BEGIN Materials provided

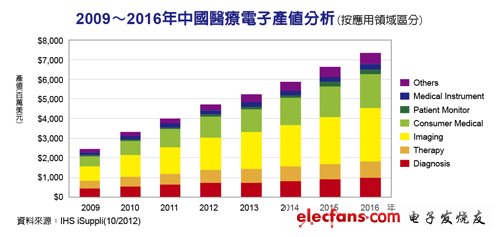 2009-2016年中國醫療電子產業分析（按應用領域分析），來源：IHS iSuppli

END Materials provided
BEGIN Materials provided

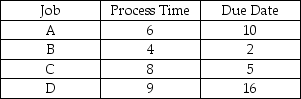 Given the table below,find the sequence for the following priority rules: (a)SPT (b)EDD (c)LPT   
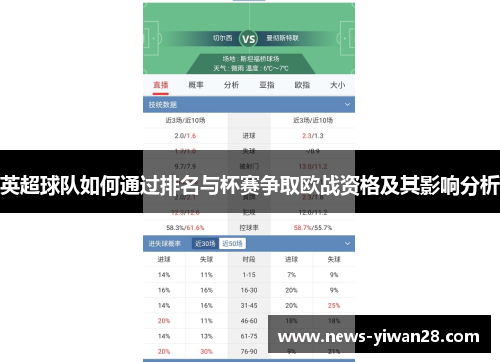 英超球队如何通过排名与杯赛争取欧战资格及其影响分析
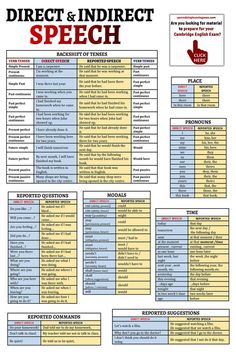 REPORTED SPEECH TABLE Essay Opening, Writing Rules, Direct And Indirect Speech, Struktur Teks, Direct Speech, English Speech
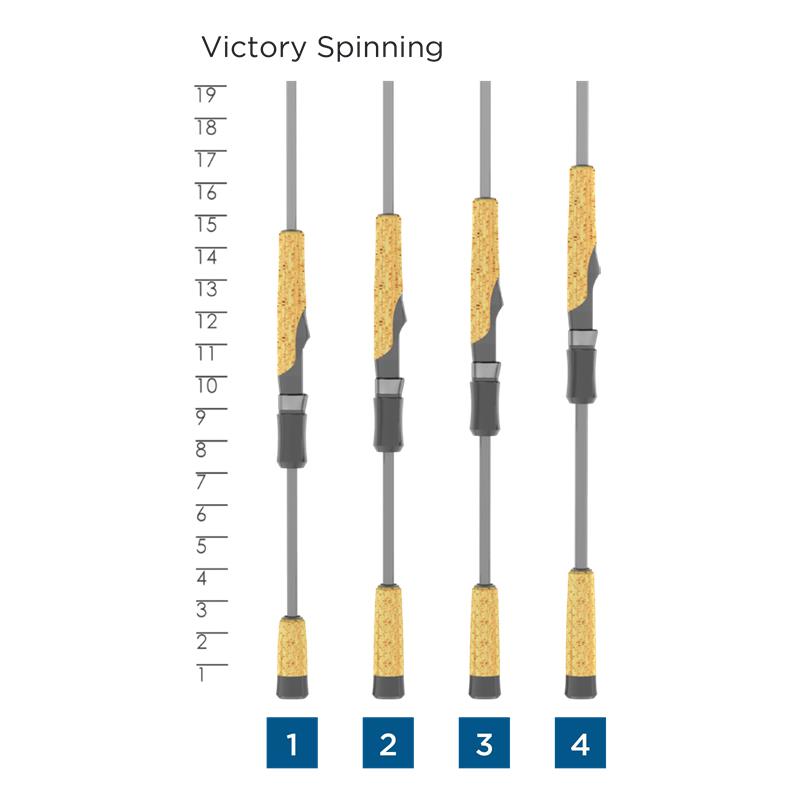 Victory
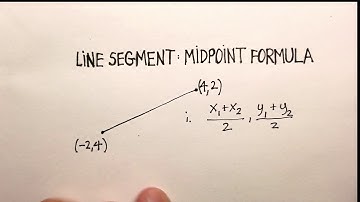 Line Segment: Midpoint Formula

END Materials provided
BEGIN Materials provided

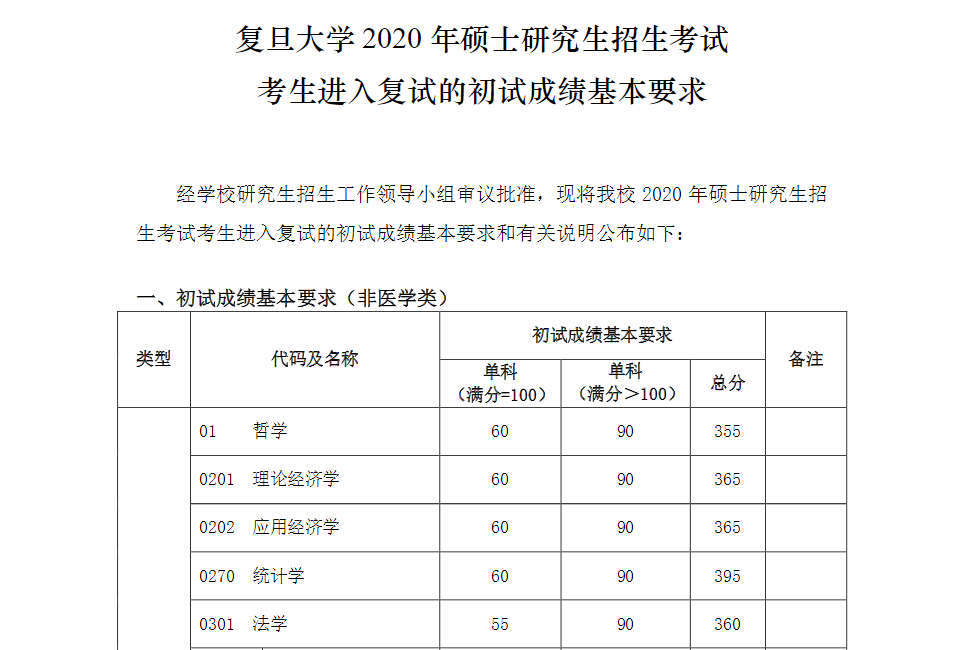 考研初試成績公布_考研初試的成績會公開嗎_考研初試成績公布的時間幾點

END Materials provided

#### Exercise instructions
Among the entries above, take the line with "REPORTED SPEECH TABLE", the line with "Line Segment: Midpoint Formula", and all the lines between them, and restate them word for word without pictures.

#### Worked solution
 REPORTED SPEECH TABLE Essay Opening, Writing Rules, Direct And Indirect Speech, Struktur Teks, Direct Speech, English Speech
 Victory
 Line Segment: Midpoint Formula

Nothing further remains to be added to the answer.